▸ **Assignment**: Restate the data below word for word. Leave the images out.

─── The data

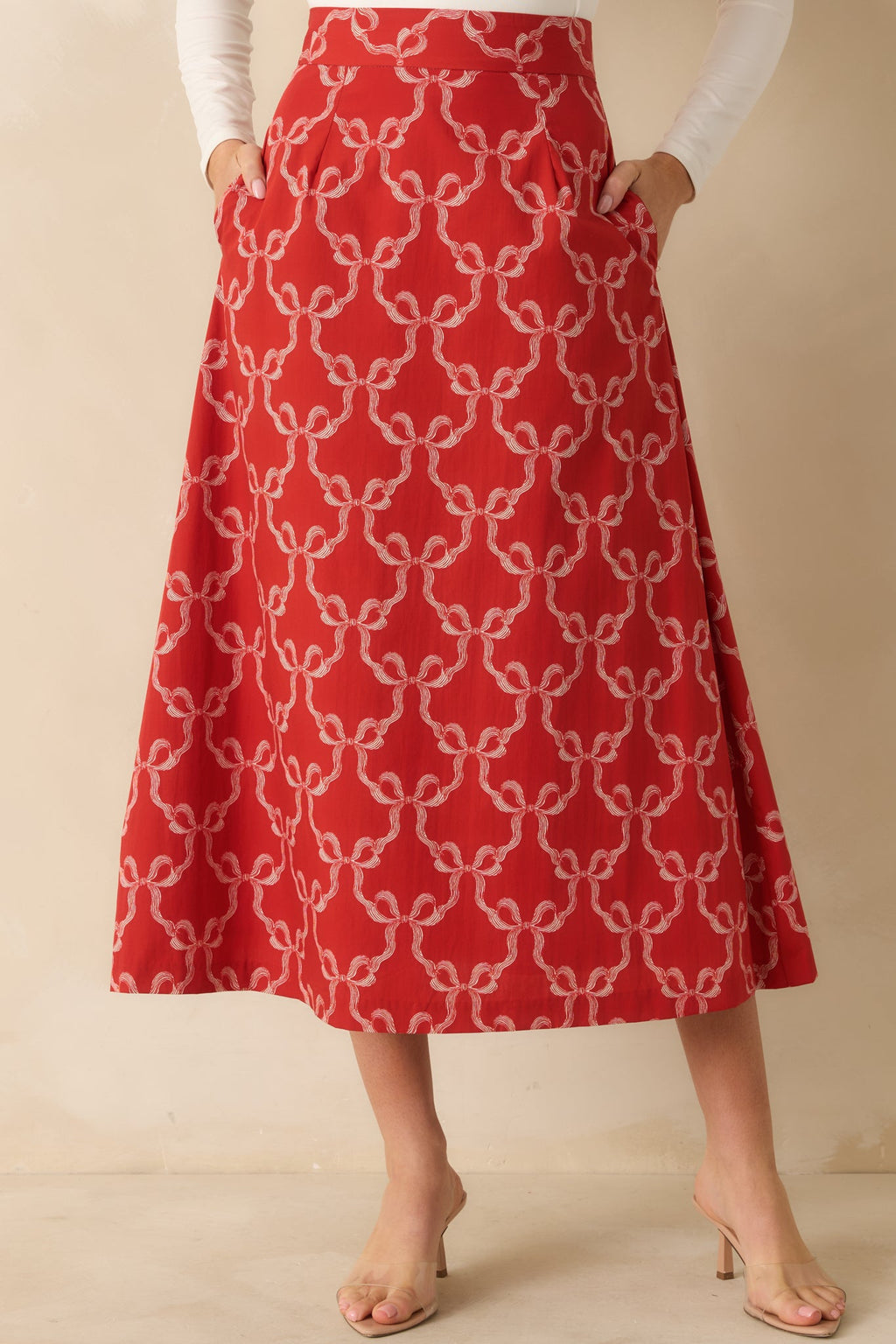 Prosperina River Red Cotton Bow Print Midi Skirt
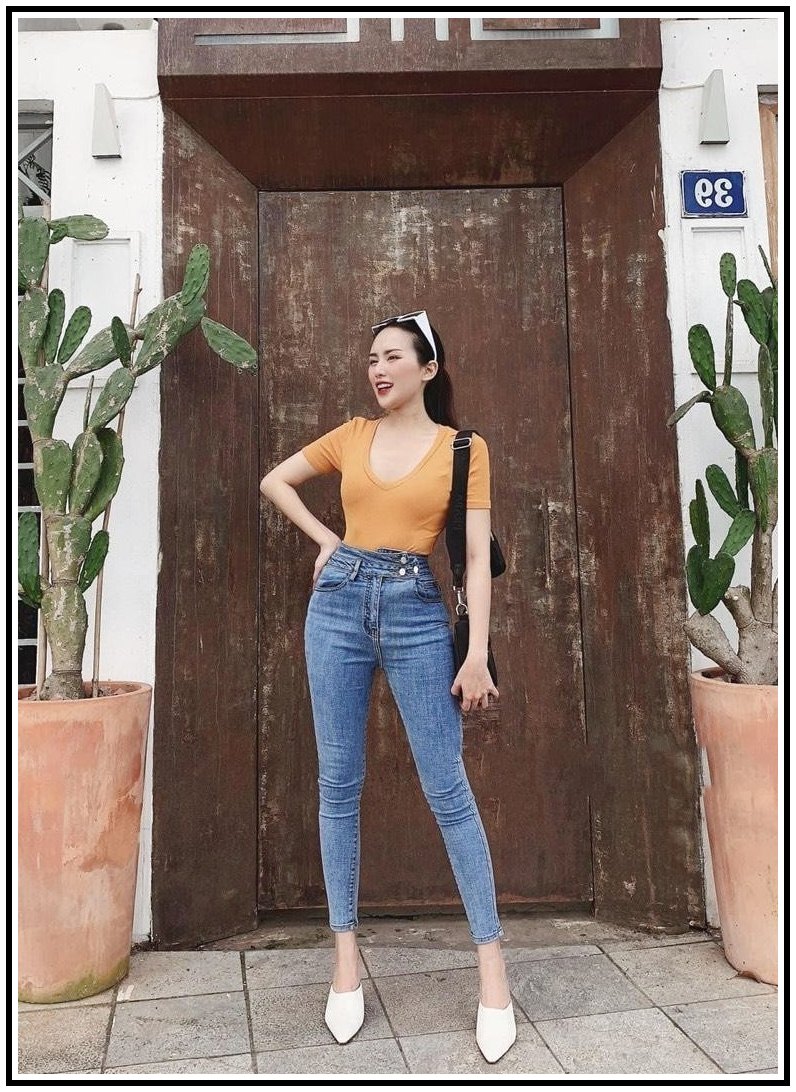 Quần jean nữ lưng cao HAI ĐAI 3 CÚC siêu hot trend mới nhất ( 3 màu ) s5&106
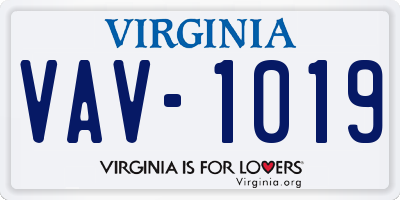 VA license plate VAV1019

──────

▸ **Reply**:
 Prosperina River Red Cotton Bow Print Midi Skirt
 Quần jean nữ lưng cao HAI ĐAI 3 CÚC siêu hot trend mới nhất ( 3 màu ) s5&106
 VA license plate VAV1019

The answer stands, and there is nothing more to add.